La fin de l’année liturgique nous sert des récits assez glaçants. Allons, un peu de sang-froid, et tentons de les accueillir !

Y a-t-il situation plus inconfortable que celle de Daniel dans la fosse aux lions! « Entrer dans la fosse aux lions », voilà le sort symbolique que toute personne redoute. Voici comment un dictionnaire comprend cette expression : « Entrer dans la fosse aux lions » signifie à la fois affronter un danger, ou quelque chose de particulièrement désagréable, comme le suggère le nom « fosse » (fosse septique, fosse commune). Il peut aussi s’agir de se confronter à un public sans pitié dans son jugement et/ou dans ses attitudes. La fosse aux lions de Daniel, qui n’avait pas de spectateurs, a fini par intégrer les jeux du cirque, les combats de gladiateurs et plus récemment, l’écran du monde médiatique. Redoutable !

Dans le récit, tout comme dans la définition qui précède, il s’agit d’un choix. Daniel aurait pu éviter la fosse aux lions, si seulement il s’était conformé à l’édit du roi, et s’était au moins abstenu pendant 30 jours de prier son Dieu. Nous pouvons toujours éviter la fosse aux lions au prix de quelques compromissions suivies de belles rationalisations.

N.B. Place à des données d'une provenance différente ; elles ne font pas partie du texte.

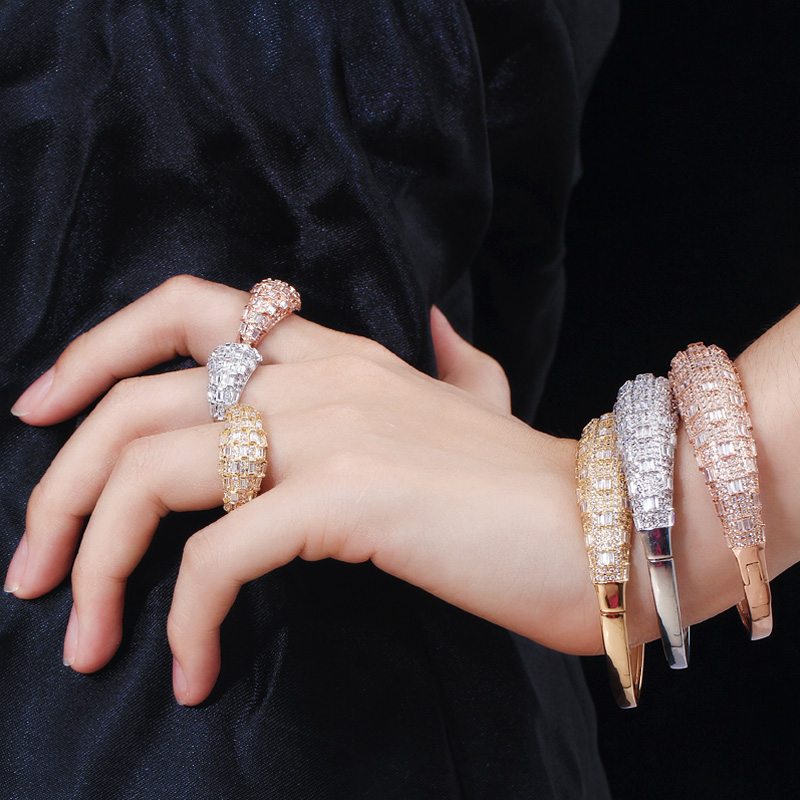 Pera Luxury Dubai Gold Color S - Men Accessories In Dubai recension och pris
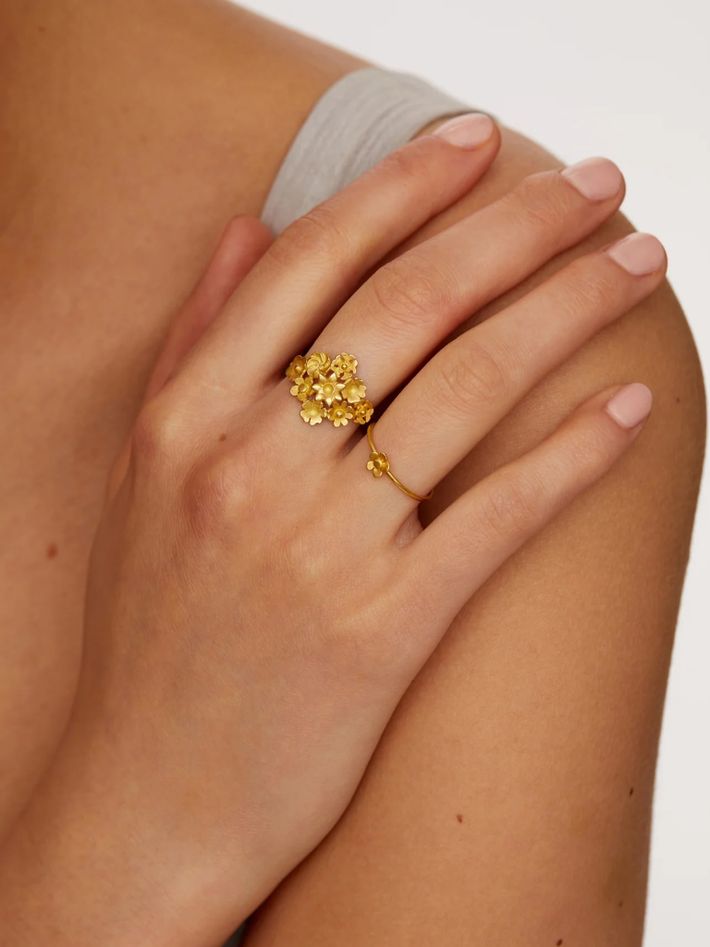 18kt gold flower cluster ring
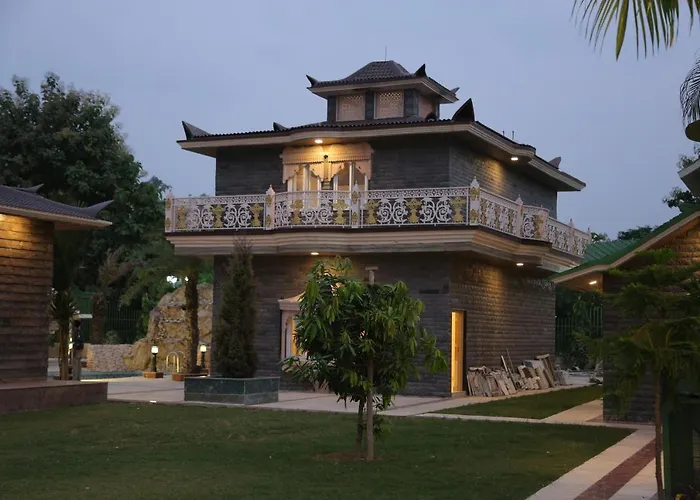 Mann The Palm Retreat Hotel Lucknow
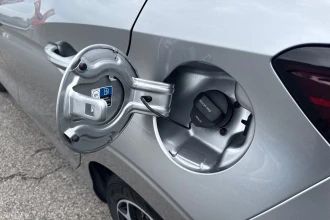 Vehicle Thumbnail 16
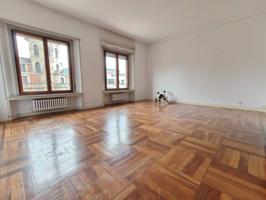 Piso en venta en el Ensanche, junto al parque Doña Casilda photo 0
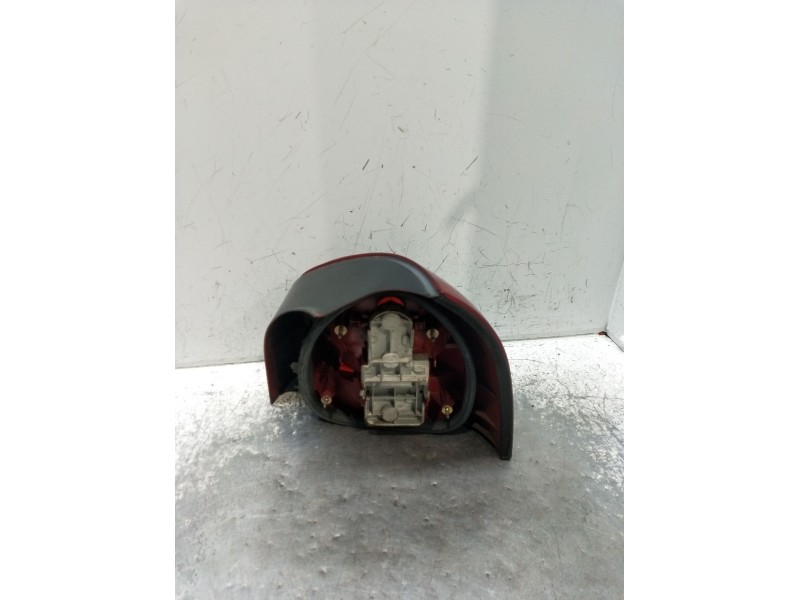 Recambio de piloto trasero izquierdo para audi a3 (8l1) 1.9 tdi referencia OEM IAM   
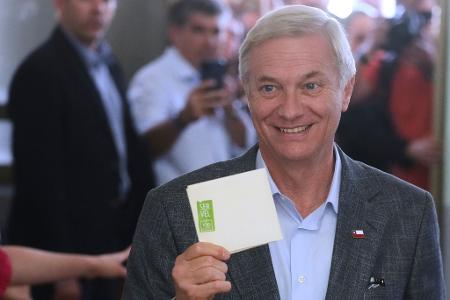 Der deutschstämmige Rechtspolitiker Kast wird wohl gegen die Kommunistin Jara in die Stichwahl ziehen.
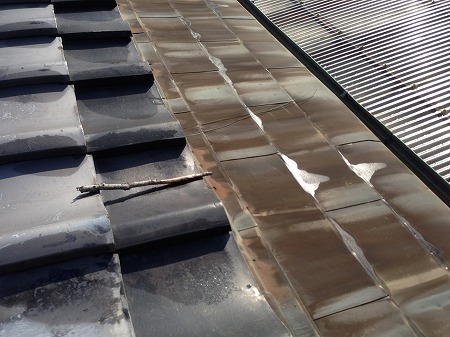 銅板穴あき部分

Mais le pieux et fidèle Daniel a plutôt décidé de continuer à prier son Dieu et de faire face à la musique, éventuellement au rugissement des lions…

Quel tyran n’a pas usé de ce stratagème, faire jouer la peur contre la fidélité, faire jouer la peur pour contraindre à l’obéissance ? En politique, on ne le voit que trop fréquemment, les grands principes sont souvent bafoués pour différents motifs de crainte : pour ne pas s’aliéner un certain électorat, pour ne pas déplaire à un despote et les personnes qui le suivent servilement. La liberté d’expression se fait bâillonner, des mouvements populaires sont réprimés, des vérités sont tues pour ne pas subir les foudres d’un puissant. Ou en certains milieux, des démagogues se gagnent l’opinion publique pour établir des mesures régressives ou injustes qui favorisent des intérêts financiers étrangers au bien commun. Qui oserait s’y opposer serait voué aux gémonies. Dans la fosse aux lions, c’est la liberté qui fait face à la peur. Dur combat !

Dur combat qui se poursuivra jusqu’à la fin des temps, semble nous prévenir l’évangile d’aujourd’hui avec son discours apocalyptique. À la fin, Dieu nous sauvera de la griffe des lions, mais risquerons-nous la confiance jusqu’au bout ?

Jérusalem est au centre du grand mouvement de désarroi qui secoue l’évangile. Le lieu où convergeait la piété d’Israël est devenu un lieu à évacuer de toute urgence. L’idole y trône désormais. Bientôt, annonce-t-on, Jérusalem sera foulée aux pieds. Mais ce futur, c’est déjà du passé pour qui écoute l’avertissement. Puis, la vision quitte l’enceinte de Jérusalem pour prendre des dimensions cosmiques : l’effroi est à son paroxysme. Comprendre : les chrétiens où qu’ils soient, personne n’est à l’abri ! Il faut tenir bon, persévérer.

La lumière du soleil, de la lune et des étoiles n’a plus rien de rassurant, sur terre, l’affolement est complet et les flots mugissent. Le crescendo apocalyptique monte encore d’un degré : voici que les puissances des cieux sont ébranlées. Le monde semble devenu une immense fosse aux lions. Personne ne pourra s’en échapper !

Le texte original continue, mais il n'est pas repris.